--- Data provided Enclosed Below ---

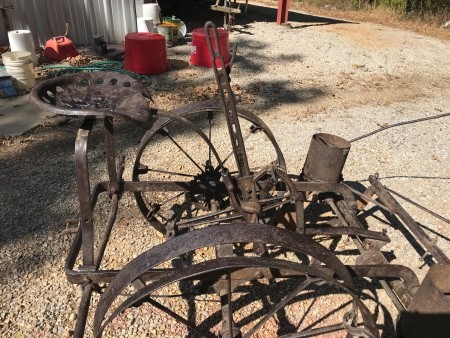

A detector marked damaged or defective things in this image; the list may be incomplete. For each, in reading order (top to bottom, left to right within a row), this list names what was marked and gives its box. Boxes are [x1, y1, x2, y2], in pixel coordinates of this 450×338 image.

rusty metal wheel [132, 99, 284, 234]
rusty metal wheel [93, 223, 378, 336]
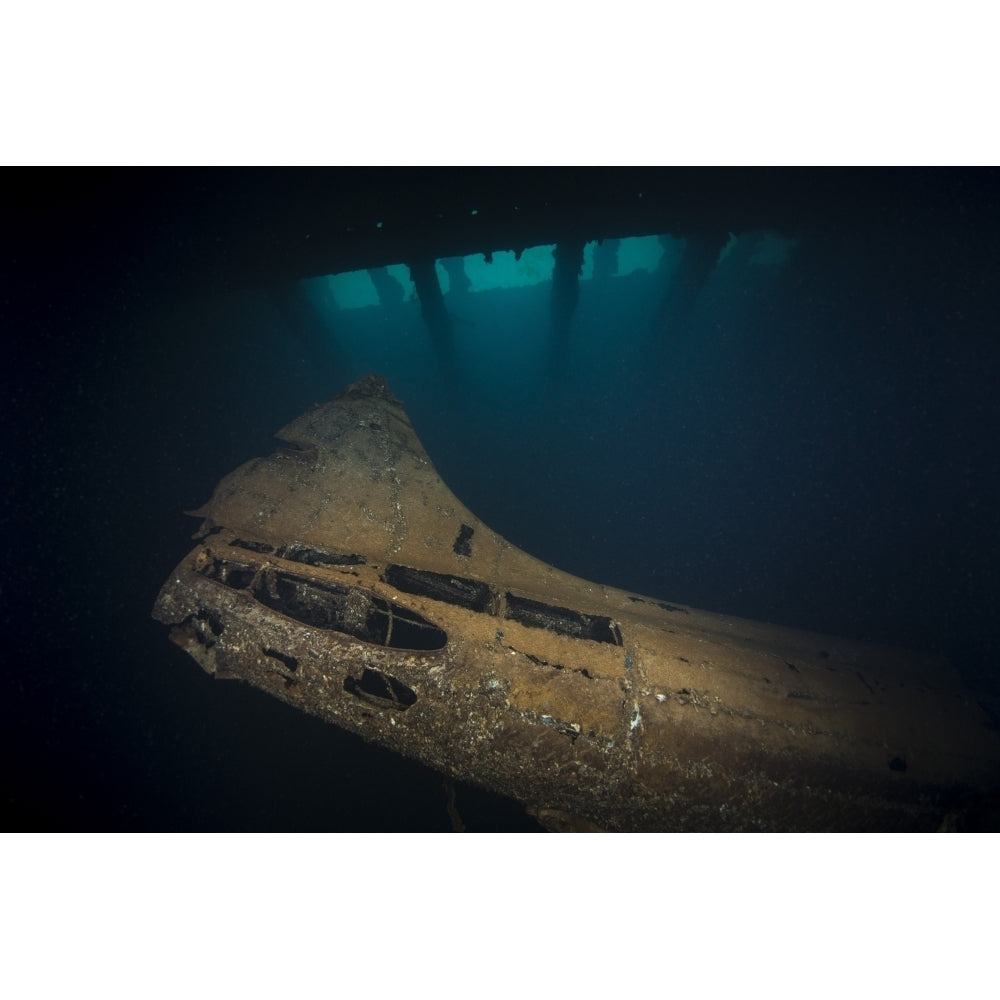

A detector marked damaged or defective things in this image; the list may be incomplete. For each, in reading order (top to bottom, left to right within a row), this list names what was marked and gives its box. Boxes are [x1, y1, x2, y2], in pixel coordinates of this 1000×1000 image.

corroded aircraft wing [150, 374, 1000, 828]
rusty metal structure [152, 374, 1000, 828]
corroded metal panel [152, 374, 1000, 828]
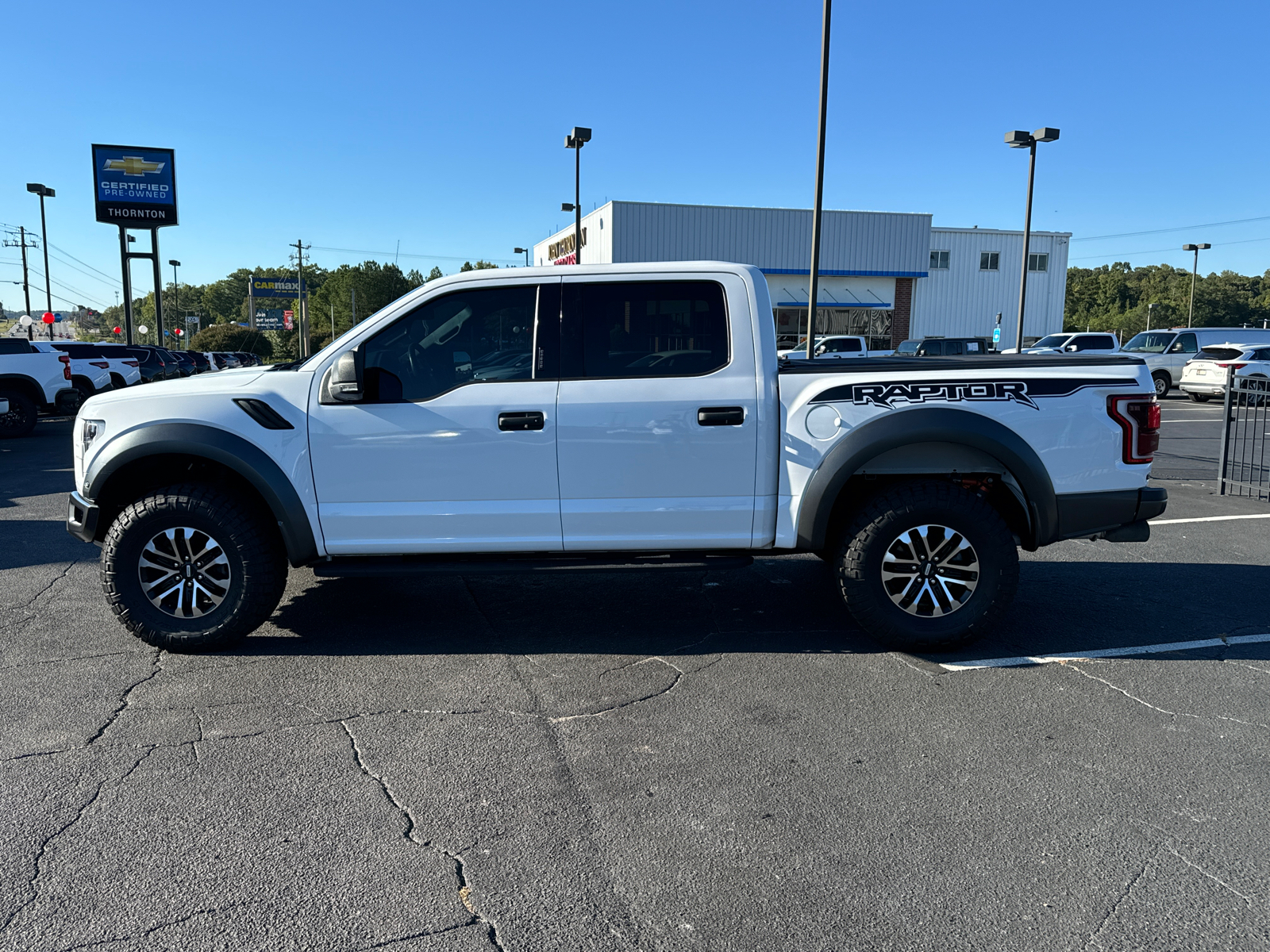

--- End of Enclosed Data provided ---

Output every record verbatim, skipping images.

A detector marked damaged or defective things in this image; the list may be incomplete. For each, in reading order (top to bottom, left to right within a row), this list names what was marked and gives its box. Boxes are [x1, y1, x2, y2], in pixel coordinates of this 450×338 image.

rusty metal wheel [132, 99, 284, 234]
rusty metal wheel [93, 223, 378, 336]

A detector marked damaged or defective things in this image; the list may be incomplete. For each, in reading order (top to bottom, left to right within a row), this list names what was marked and gives its box. Boxes are [x1, y1, x2, y2], in pixel coordinates of this 1000×1000 image.

corroded aircraft wing [150, 374, 1000, 828]
rusty metal structure [152, 374, 1000, 828]
corroded metal panel [152, 374, 1000, 828]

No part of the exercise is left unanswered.